A standout application of the Wii U technology is the karaoke party game SiNG. Designed to counter the perception that party/dance/rhythm games are played against the TV and not with your friends based on what direction you are facing when they are operating, SiNG places the lyric readout on the Wii U controller's touch screen, turning the lead player into not only the singer, but the director of the rest of his or her fiends in the room, prompting them when to sing along, when to clap and when to dance. While the primary party mode is just for fun, there will be an option for scoring where the game will not only rate your for pitch and rhythm but 'track your effort' and award points that way as well. With the Wii U controller in hand, more functionality is revealed including duet mode and the ability to drop out certain parts of a single track.
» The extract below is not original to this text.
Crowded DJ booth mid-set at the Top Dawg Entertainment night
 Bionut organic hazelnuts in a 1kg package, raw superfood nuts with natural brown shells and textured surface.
For example, you can remove the recorded voice track entirely or go a capella and turn off the melody instead. Finally you can also play DJ with the controller, setting a 20 song playlist in advance to avoid having to go through a menu after each song.

Quantum Conundrum

This highly anticipated title from one of the core designers of the original Portal shares a lot with that ground breaking title and that is paying it a huge complement. Instead of portals, the puzzle solving technology employed in this game is a dimension shifting device that allows you to change the world around you to change the properties of the world around you in a flash. In the demoed tutorial stage you are introduced to three of the four alternate universes, the 'Fluffy' dimension where everything is 10 times lighter then in the 'real' world, the 'Heavy'  dimension where everything is 10 times as dense and the “Slow Motion” dimension where objects move slowly. The 'Reverse Gravity'  dimension was not seen in the demo. The tutorial does a great job in allowing you to quickly absorb how it all works, and an experienced gamer will get the hang of changing the universe around them right away, doing such things as lightning a safe so you can carry/throw it, then making it heavy while it is in midair to break a pane of glass. Quantum Conundrum also borrows Portal's use of humor to move the game forward, but instead of an malevolent AI, it's a batty professor voiced by John “Q” de Lancie.